Currencies

The thin line between a new dawn and déjà vu


Asia wakes to another sunrise that feels both promising and familiar — a blend of optimism and that faint ache of déjà vu. Once again, the U.S. and China seem to have reached “framework harmony,” a phrase traders now treat like an old song they know too well. You hum along because you’ve heard it before, even if you don’t quite believe the ending. A Trump–Xi trade truce might be taking shape, but in trading rooms from Sydney to Singapore, it feels more like cautious déjà vu than a new dawn today — as traders remain cautious about a replay of June 11, the day the “ done deal” with China wasn’t quite done.

Still, no one’s willing to fight the tape. Hope, even recycled hope, trades well. Futures open mixed — Australia drags a little — and tech is in the spotlight, and not the good one, after Amazon announced plans to cut 30,000 jobs. In another era, that would’ve been cause for panic. But now, in the age of AI, job cuts are almost read as progress. Machines are taking over the assembly line of productivity, and the Fed, for all its power, has no rate tool for that kind of shift.

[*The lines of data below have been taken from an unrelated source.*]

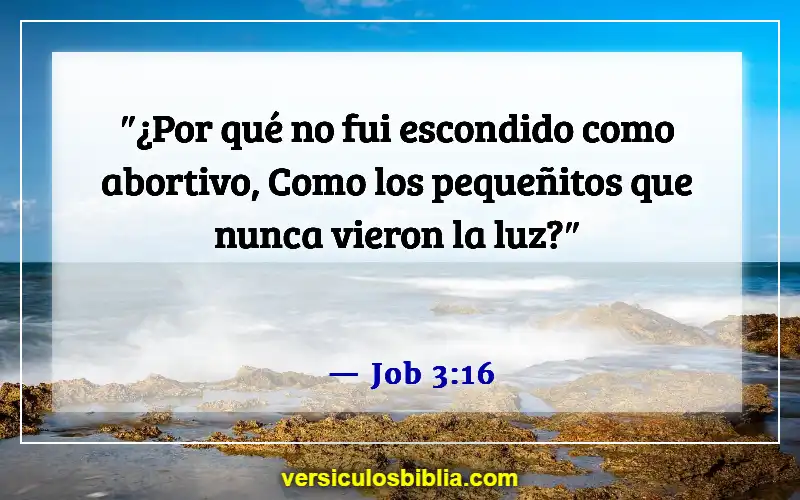 Versículos de la Biblia sobre los bebés que van al cielo (Job 3:16)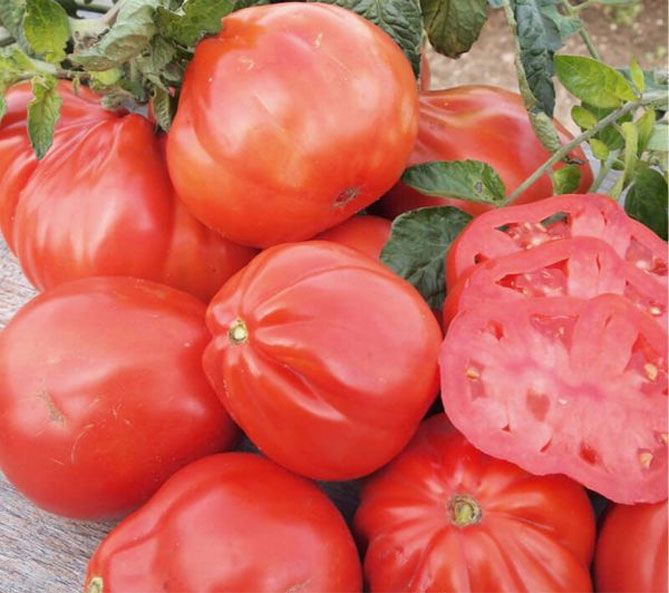 ��� ������� ���������� � �������� ������ �� ����� ������� � �������� ������� ������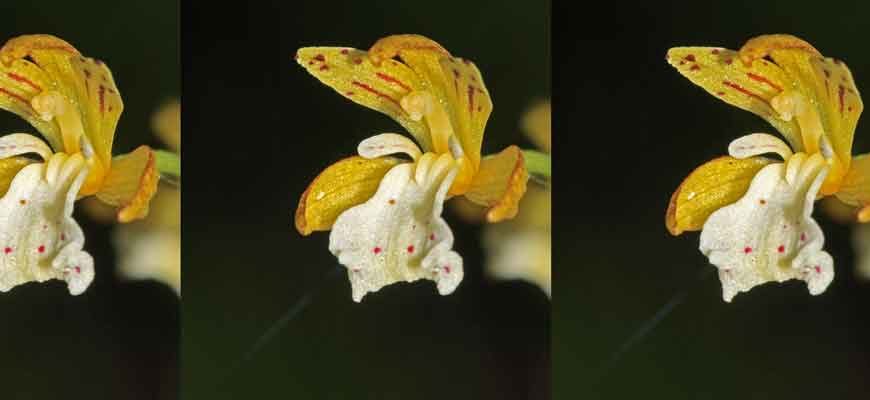 Горноятрышник раскидистый (Oreorchis patens (Lindl.) Lindl.)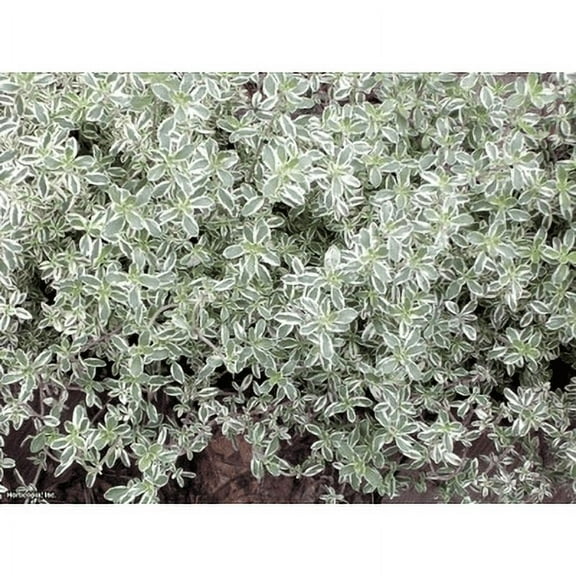 Clovers Garden Silver Edge Thyme Live Herb Plants 2 Count, Ornamental Edible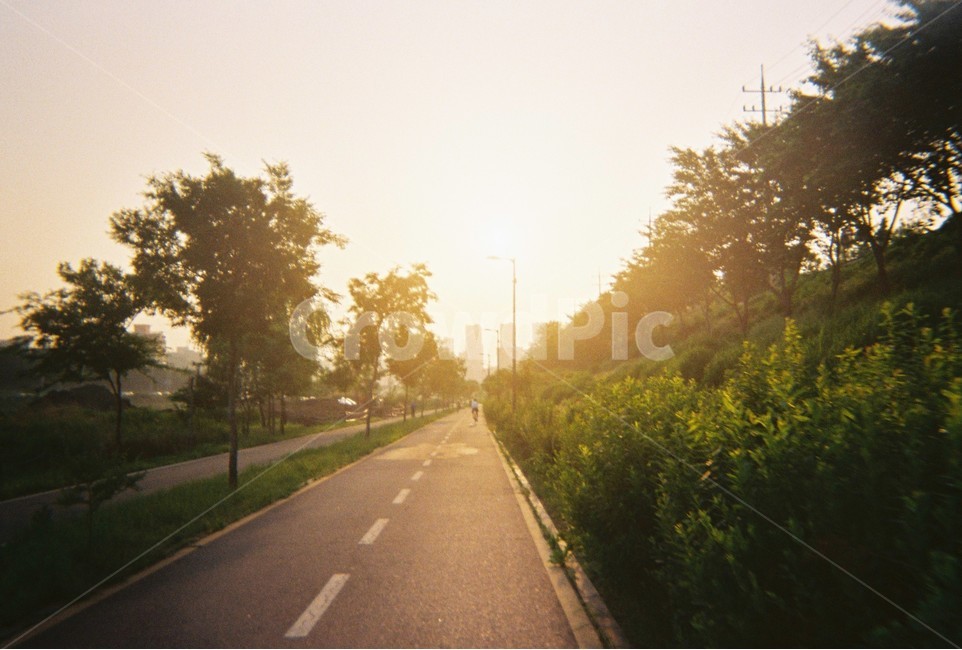 노을,나무,자전거길,sunset,풀,감성사진,필름카메라,도시,풍경,city,landscape,한국도시풍경,한국도시경관,korea cityscape,휴식,힐링,rest,relaxation,healing,road,도로,asphalt,아스팔트,highway,고속도로,freeway,고속 도로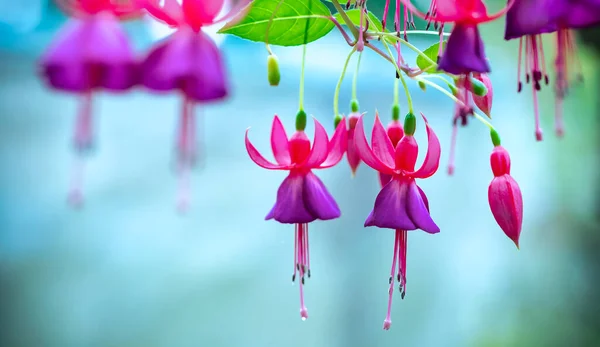 Fuchsia Çiçekleri Bahçeyi Aydınlatan Küçük Güzel Fenerler Gibi Gün Işığında — Stok fotoğraf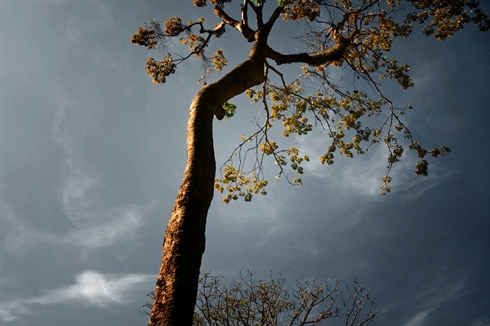 Ouverture de l’exposition photographique «la nature et moi»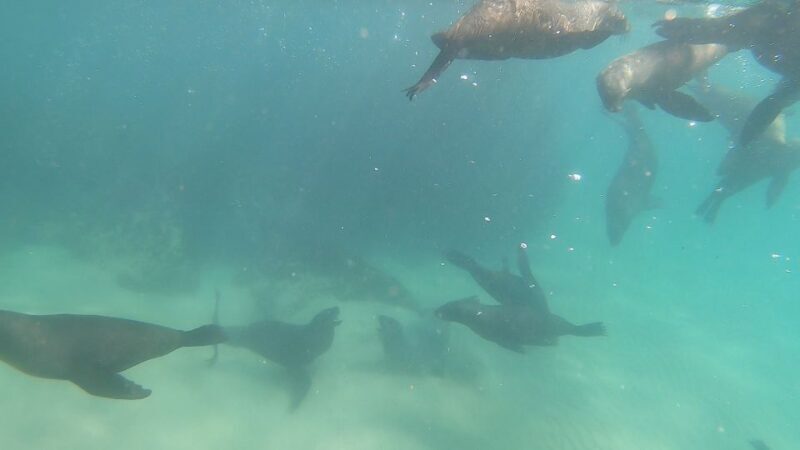 Plettenberg Bay: Seal Swimming Experience - Key Points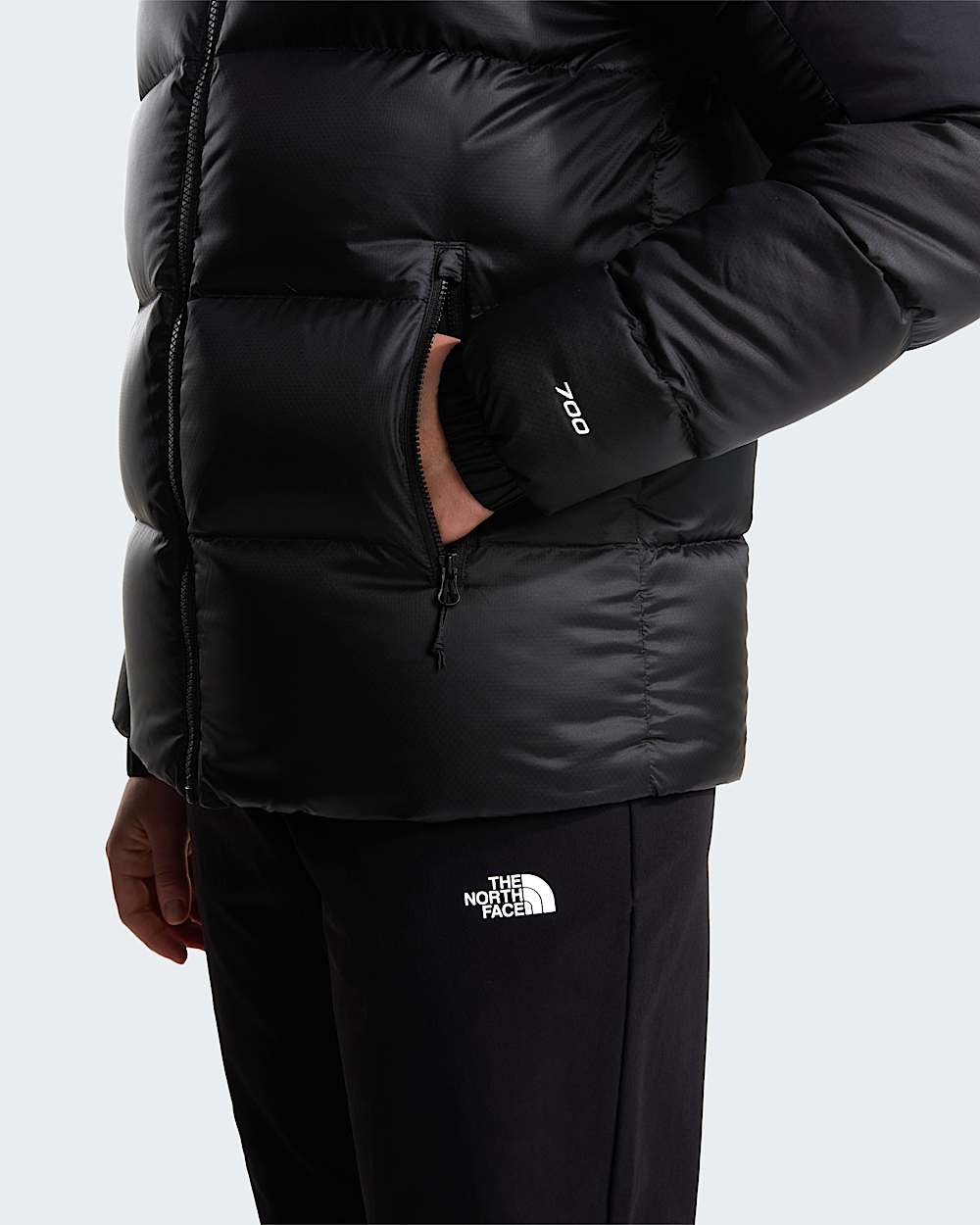 Veste en duvet  capuche Diablo 20 pour femme TNF alt8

Meanwhile, Tokyo is the stage this morning — regal, deliberate, and heavy with symbolism. Trump’s meeting with Emperor Naruhito carried all the expected ceremony, but the real story sits beneath the surface: defence, money, and the kind of political choreography that moves markets. Prime Minister Sanae Takaichi — Abe’s protégé and Japan’s new conservative voice — brings both continuity and risk. Her rapport with Trump could deepen defence ties, which Washington will love, but JGB traders are already twitching. Her warmth toward Trump plays well in Washington but makes Japan’s bond market nervous. Talk of expanded defence spending could weigh heavily on Japan’s fiscal outlook, especially given that long-end JGB yields remain sensitive after her election victory sent them to multi-year highs. And that is where the balance of this morning’s Tokyo market angst resides.

And yet, markets have a funny way of smiling through the noise. Trump’s visit has, perhaps whimsically, aligned with a symbolic milestone — the Nikkei 225 breaking above the 50,000 mark for the first time yesterday. That’s no small feat. Even as the index trades a touch softer this morning on the back of a firmer yen, the psychological lift remains.

U.S. Treasury Secretary Bessent, in his meeting with Japan’s Finance Minister Satsuki Katayama, politely tiptoed around the currency issue — praising the resilience of Japan’s economy without mentioning the yen’s weakness that has quietly fueled the recent equity surge. Diplomacy, after all, thrives on selective hearing — but FX traders catch the undertones. They read enough “Treasury Police” nuance to buy yen, which is trading stronger this morning. But if truth be told, it’s actually tracking the firmer Yuan.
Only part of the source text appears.